“We were both aware that in the LGBTQ world, there’s a fair amount of ageism and lack of awareness about aging, and in the aging world there’s a fair amount of homophobia and transphobia and lack of awareness of LGBTQ issues, especially trans identities,” she writes.
In an interview, Dugan says the two were committed to diversity in their project, including people whose lives “exist within the complex intersection of gender identity, age, race, ethnicity, sexuality, socioeconomic class and geographic location.”
Dugan was touched by the people they documented:
“I was continually amazed and humbled with each person I met. Often, when I would show up at their doorstep, we had never met before. Over the course of a few hours, they would share their life story with me, often revealing some of the most intimate, painful, or joyous parts.”
The work appealed to a wider audience than Dugan had first expected. A cultural gap was bridged; although some people may find it difficult to relate to members of the trans community, most can relate to aging. She also found whatever the challenge of identity people face in life, there seems to be a common sentiment.

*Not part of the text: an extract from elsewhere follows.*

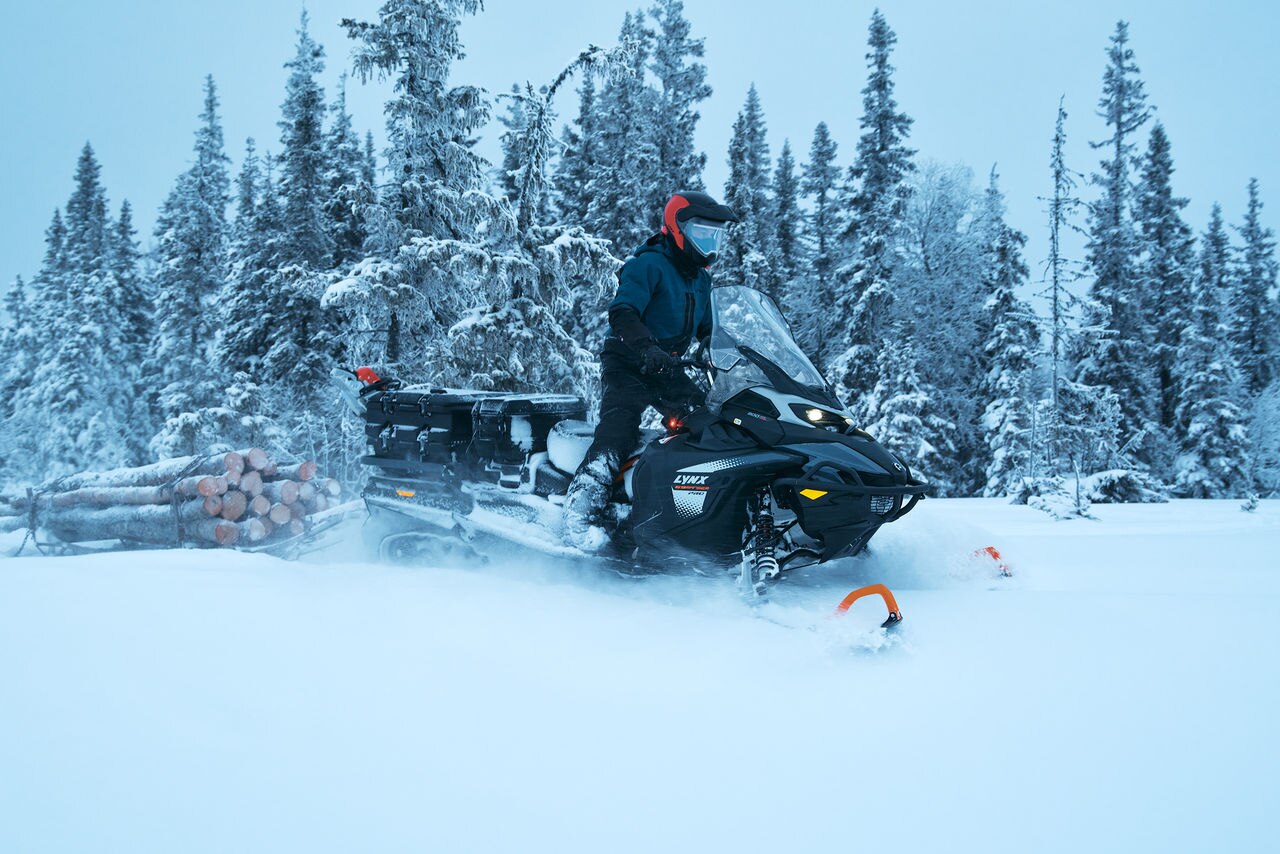 Homme pilotant une Lynx 69 Ranger PRO 2027 lors du transport de bois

“Across the project, a similarity was a desire for people to live authentically and the risks involved with doing so made a universal access point,” she says.
The work has been organized into an archive and an exhibition, which debuted at the projects+gallery in St. Louis, and has been edited into a book. Dugan says she hopes that the unedited collection will preserve the history of older trans adults, creating a road map for young trans people.